The MYM study was approved by the Metro South Health Human Research Ethics Committee on 21 April 2016 (approval number: HREC/16/QPAH/125). Ethics approval has also been obtained from the University of Queensland Human Research Ethics Committee (approval number: 2016000554), Queensland University of Technology Human Research Ethics Committee (approval number: 1600000515) and QIMR Berghofer (approval number: P2271). The HOP study has received approval from the Human Research Ethics Committee (HREC) from Metro South Health HREC (HREC/17/QPAH/816) and the University of Queensland HREC (2018000074). The ComBineMel dataset is part of the Computer Biomarkers Evaluation of Invasive Melanoma (ComBine Mel) study. The study was approved by the Alfred Hospital Ethics Committee on 8 August 2023 (approval number: HREC/98200/Alfred-2023). The study follows the National Statement on Ethical Conduct in Human Research (2007) protocols. The SDDI2 dataset has been approved by the Ethics Review Board of the Medical University of Vienna. The MMT data study is part of a research agreement study with Monash eResearch Centre and was approved through the Monash University Human Research Ethics Committee. The naevus surveillance study images (NSSI) dataset is part of the Brisbane Naevus Morphology Study, circa 2009–2014. The study followed the Declaration of Helsinki protocols and was approved by the Princess Alexandra Hospital human research ethics committee. The ACEMID pathology (ACEMID_path) pilot study has received approval from the Alfred Hospital Ethics Committee (approval number: 746/23) to share data accrued for registered trial ACTRN12619001706167 (ACEMID) under the Metro South Human Research Committee protocol HREC/2019/QMS/57206 and the University of Queensland Human Research Ethics Committee protocol 2019003077. The SDDI_Alfred study has received approval from the Alfred Hospital Ethics Committee (approval number: 198/19) for the use of sequential dermoscopic imaging data. Only de-identified retrospective data were used for research, without the active involvement of patients.
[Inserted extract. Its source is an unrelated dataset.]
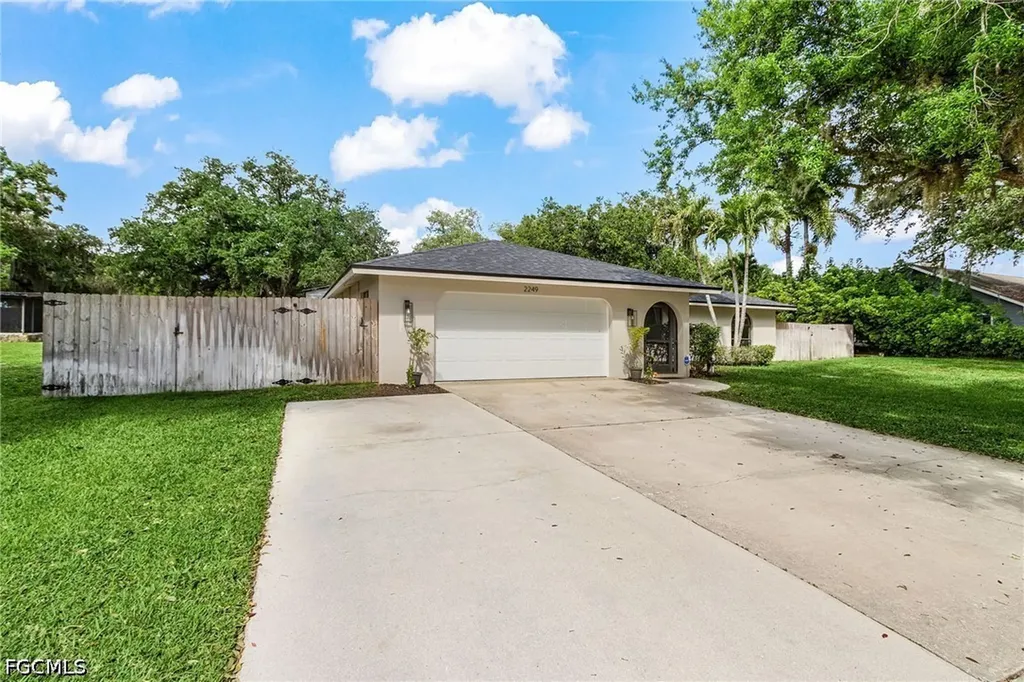 2249 River Oak Lane Fort Myers FL 33905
Pretraining dataset for developing PanDerm

We curated an extensive pretraining dataset comprising 2,149,706 unlabeled multimodal skin images to develop PanDerm. This diverse dataset encompasses 4 imaging modalities and 11 data sources: 757,890 (35.3%) TBP tiles, 537,047 (25.4%) dermatopathology tiles, 460,328 (21.4%) clinical images and 384,441 (17.9%) dermoscopic images. This multimodality approach provides a comprehensive representation of skin lesions, enabling the model to learn robust features across different visual representations.

MYM cohort (TBP)

The MYM cohort⁵⁰ is an in-house dataset studying the natural history of melanocytic nevi from 193 Australian participants recruited from the electoral roll. Three-dimensional (3D) TBP was conducted using VECTRA WB360 (Canfield Scientific), capturing 92 cross-polarized two-dimensional (2D) images with standardized lighting to create a 3D avatar. The average lesion tiles per subject was approximately 500. The final dataset comprises 405,856 automatically detected lesion image tiles ≥2 mm in diameter. Demographic information is available in Supplementary Table 32.

HOP cohort (TBP)

The HOP study⁴⁹ is an in-house sequential dataset of high-risk melanoma individuals with 314 participants. Three-dimensional TBP imaging used the VECTRA WB360 system following the same protocol as MYM. Demographic and clinical data were collected through standardized questionnaires. More details about demographic information are available in Supplementary Table 33.

MYM and HOP cohort (dermoscopic)

These datasets also contain 38,110 dermoscopic images from suspicious lesions, providing complementary visualization of surface and subsurface structures potentially indicative of various skin conditions, particularly melanoma.

MMT dataset

The MMT dataset is an in-house collection amassed from over 150 clinics across Australia and New Zealand over a 15-year period. This extensive dataset primarily consists of paired polarized dermoscopic and clinical images. From this comprehensive collection, we curated a subset containing 316,399 dermoscopic images and 310,951 clinical images, providing a rich source of pretraining data for training purposes.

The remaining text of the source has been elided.